-- Opening Marker --
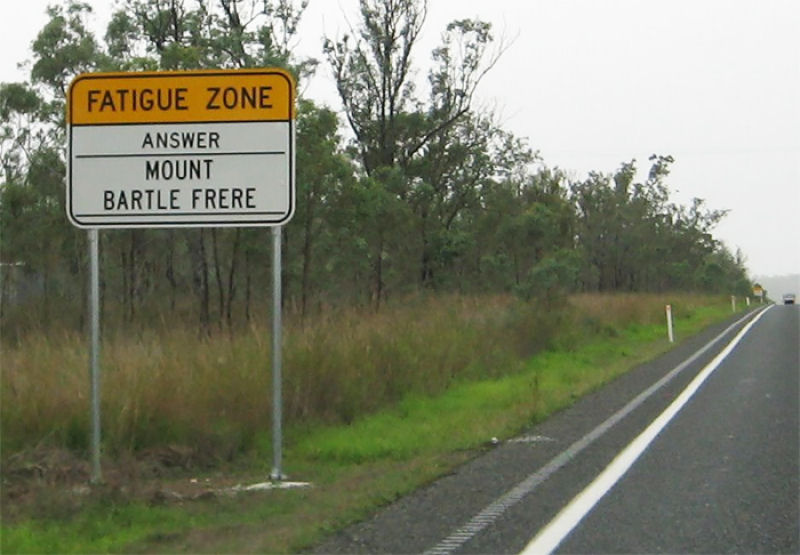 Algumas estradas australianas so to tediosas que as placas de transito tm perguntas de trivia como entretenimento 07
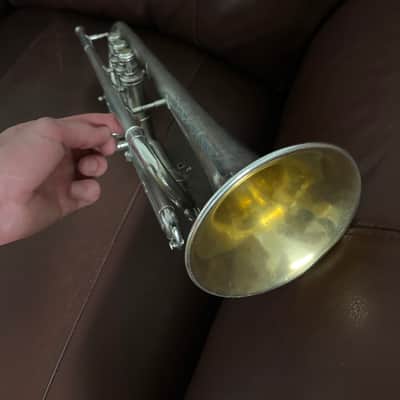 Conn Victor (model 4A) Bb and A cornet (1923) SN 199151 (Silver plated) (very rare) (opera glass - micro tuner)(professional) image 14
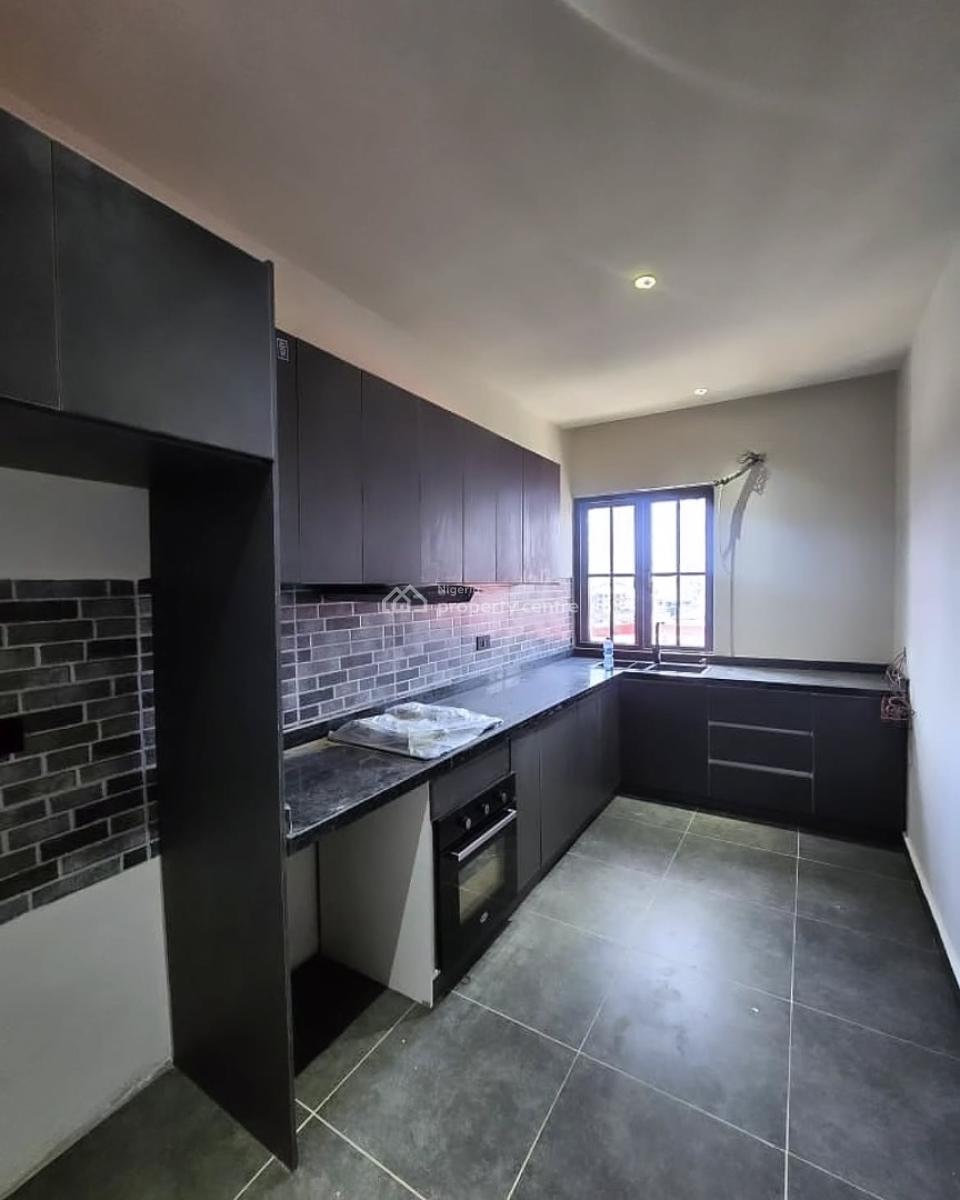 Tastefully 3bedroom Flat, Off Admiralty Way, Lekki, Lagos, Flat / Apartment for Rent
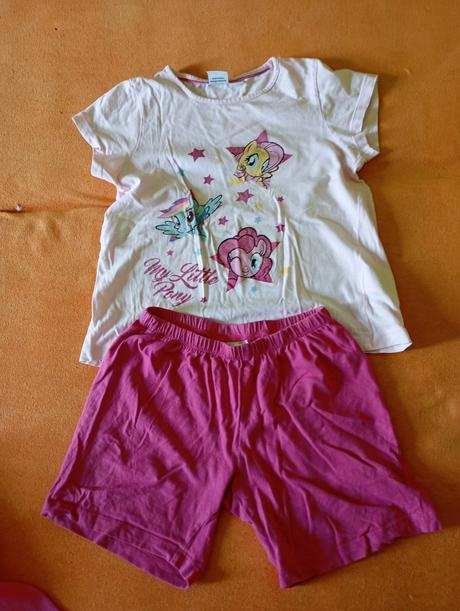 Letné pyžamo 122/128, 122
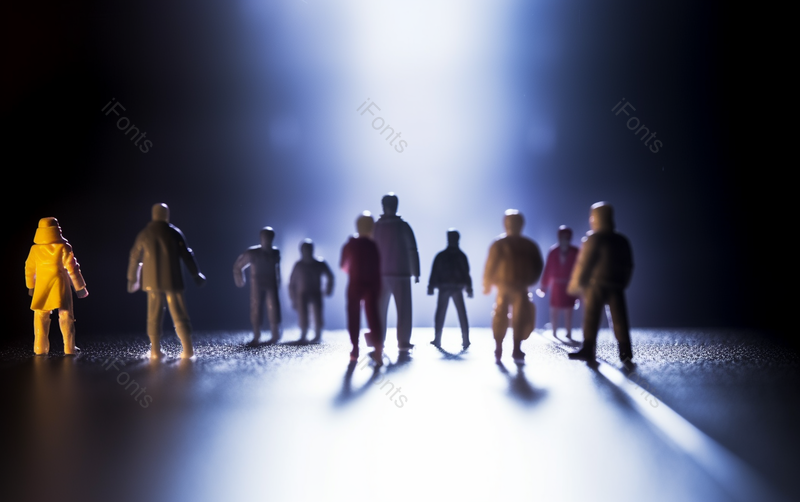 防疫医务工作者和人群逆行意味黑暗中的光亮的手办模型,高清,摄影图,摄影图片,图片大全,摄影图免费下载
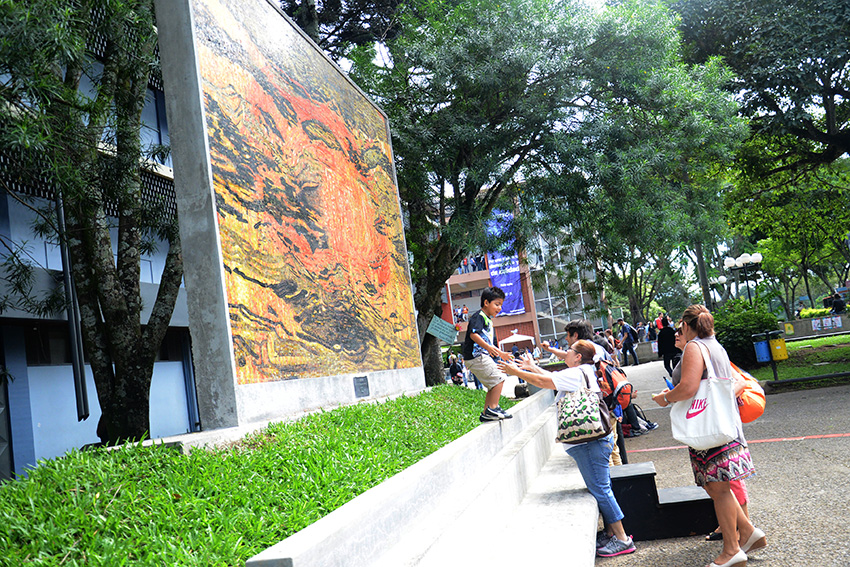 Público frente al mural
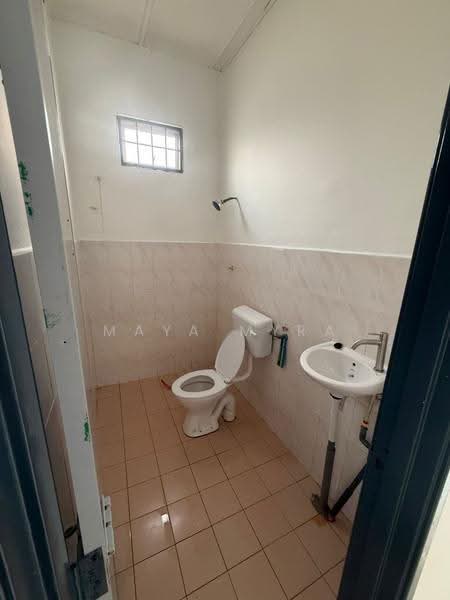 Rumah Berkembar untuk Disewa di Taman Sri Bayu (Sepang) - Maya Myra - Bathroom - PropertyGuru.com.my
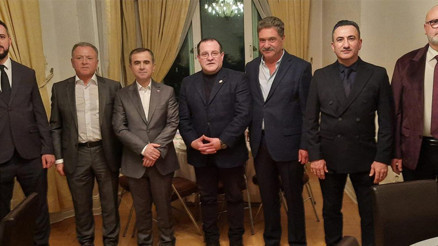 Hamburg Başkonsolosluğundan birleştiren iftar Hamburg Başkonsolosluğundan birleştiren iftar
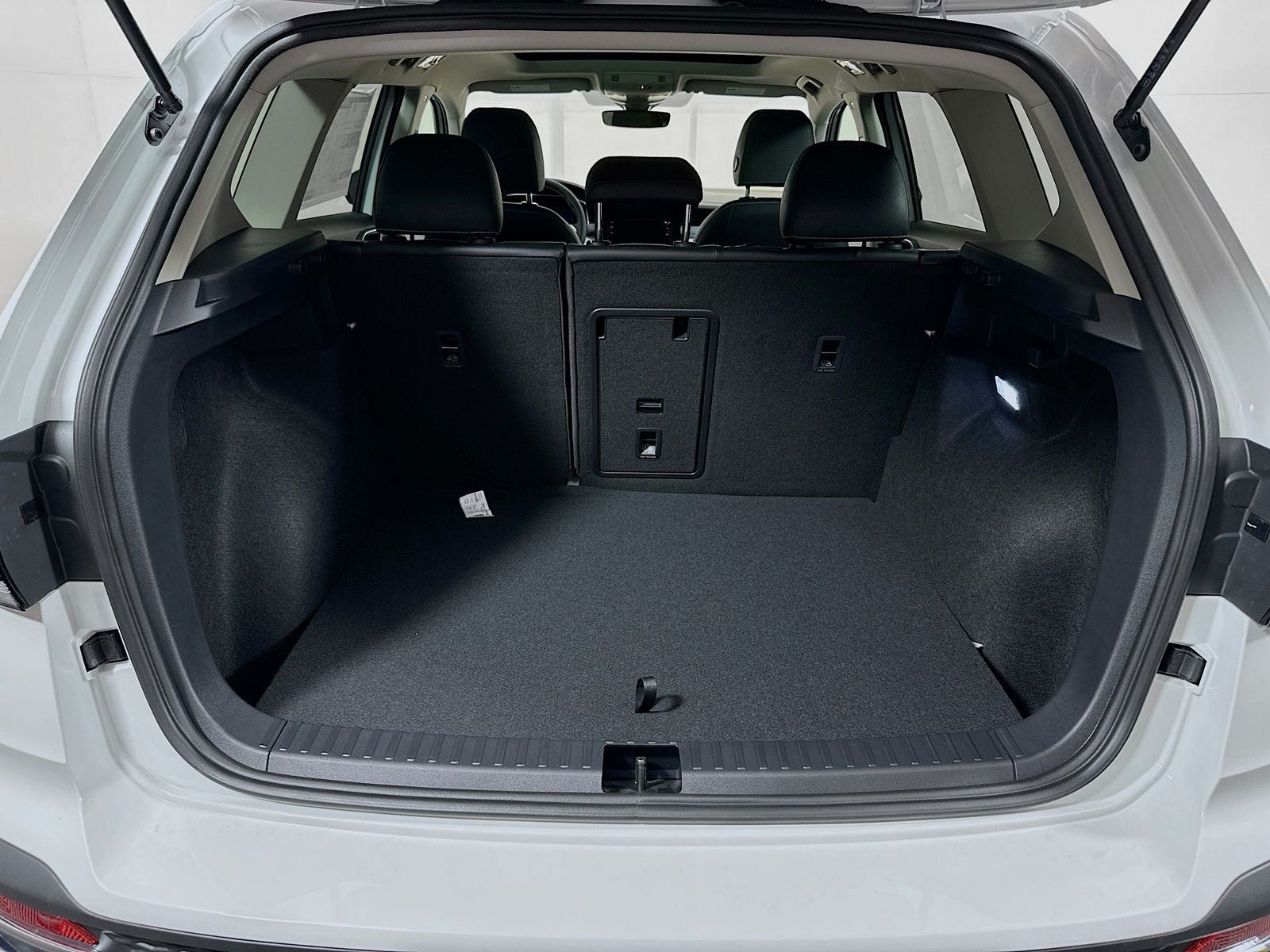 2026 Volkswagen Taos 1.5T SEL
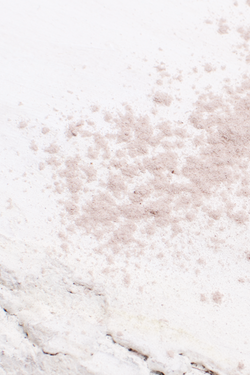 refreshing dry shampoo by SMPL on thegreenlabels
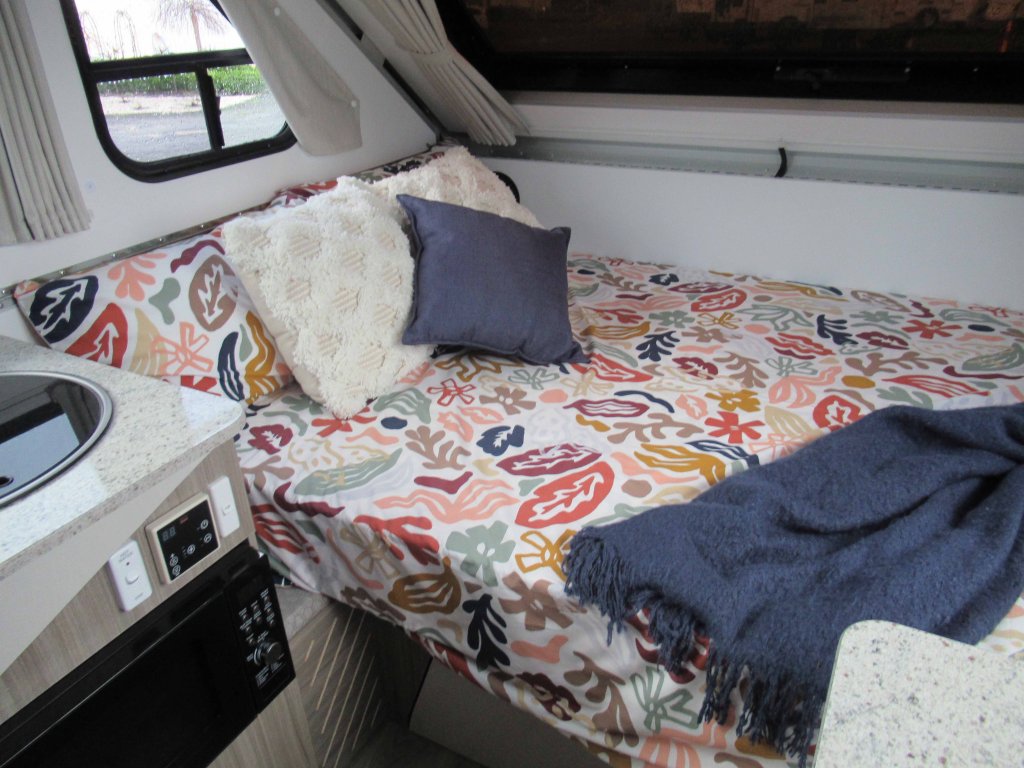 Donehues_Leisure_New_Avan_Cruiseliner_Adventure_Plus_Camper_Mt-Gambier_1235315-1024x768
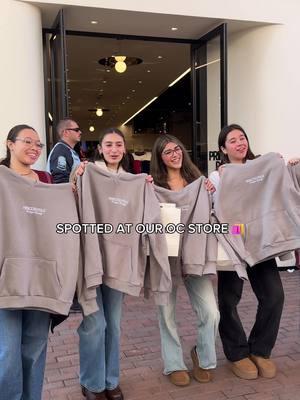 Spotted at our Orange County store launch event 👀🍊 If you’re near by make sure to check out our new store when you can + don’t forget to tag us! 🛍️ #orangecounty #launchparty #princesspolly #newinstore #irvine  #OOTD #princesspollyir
-- Closing Marker --
**Task requirements**
Provide an exact copy of the records, excluding every picture.

**Solution to the problem**
 Algumas estradas australianas so to tediosas que as placas de transito tm perguntas de trivia como entretenimento 07
 Conn Victor (model 4A) Bb and A cornet (1923) SN 199151 (Silver plated) (very rare) (opera glass - micro tuner)(professional) image 14
 Tastefully 3bedroom Flat, Off Admiralty Way, Lekki, Lagos, Flat / Apartment for Rent
 Letné pyžamo 122/128, 122
 防疫医务工作者和人群逆行意味黑暗中的光亮的手办模型,高清,摄影图,摄影图片,图片大全,摄影图免费下载
 Público frente al mural
 Rumah Berkembar untuk Disewa di Taman Sri Bayu (Sepang) - Maya Myra - Bathroom - PropertyGuru.com.my
 Hamburg Başkonsolosluğundan birleştiren iftar Hamburg Başkonsolosluğundan birleştiren iftar
 2026 Volkswagen Taos 1.5T SEL
 refreshing dry shampoo by SMPL on thegreenlabels
 Donehues_Leisure_New_Avan_Cruiseliner_Adventure_Plus_Camper_Mt-Gambier_1235315-1024x768
 Spotted at our Orange County store launch event 👀🍊 If you’re near by make sure to check out our new store when you can + don’t forget to tag us! 🛍️ #orangecounty #launchparty #princesspolly #newinstore #irvine  #OOTD #princesspollyir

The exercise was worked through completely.